Day 3 embryos are referred to as “cleavage stage” embryos.
The reason for this designation is that the cells in the embryo are dividing (or cleaving) but the embryo itself is not growing in size. Think of a pizza. When you slice it, you create more pieces of pizza, but you do not increase the size of the pizza itself. This is what a cleavage stage embryo is like. The genetic material replicates and the cells divide, but the volume of the embryo does not differ from the volume of the unfertilized egg.

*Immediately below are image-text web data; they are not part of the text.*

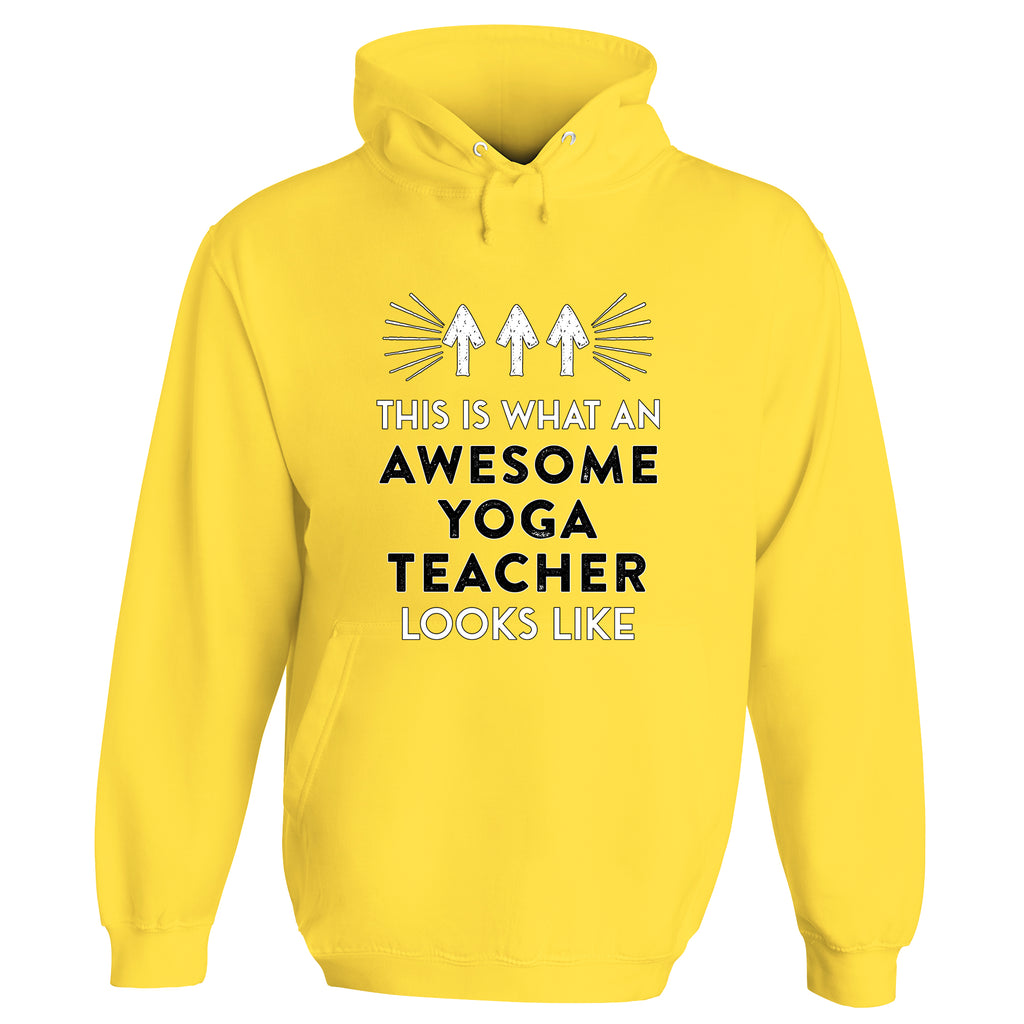 Awesome Yoga Teacher Hoodie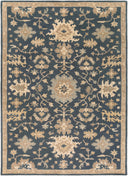 LIVABLISS Caesar CAE-1154 Navy Area Rug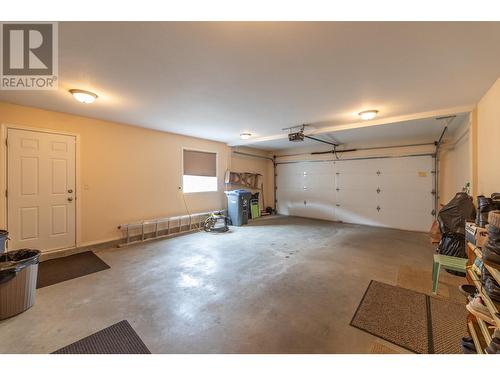 11908 La Costa Lane, Osoyoos, BC - Indoor Photo Showing Garage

Conceptually, you would think that embryos would divide in a very specific sequence; one cell becomes two; two cells become four; four cells become eight and so on. However, actual embryos do not divide synchronously. We commonly see three, five, six cell, etc. embryos. This is not an indication of a poor embryo, but of one that is growing normally. Also, as embryos divide, sometimes a small portion of cytoplasm (the inside of the cell) breaks off and forms a bleb that we call a fragment. Fragments do not contain nuclei and are not considered cells. The causes of fragmentation are poorly understood, but embryos containing a lot of fragmentation are developmentally disadvantaged simply because the cells lose too much cytoplasm and thus, cellular machinery, to the fragments.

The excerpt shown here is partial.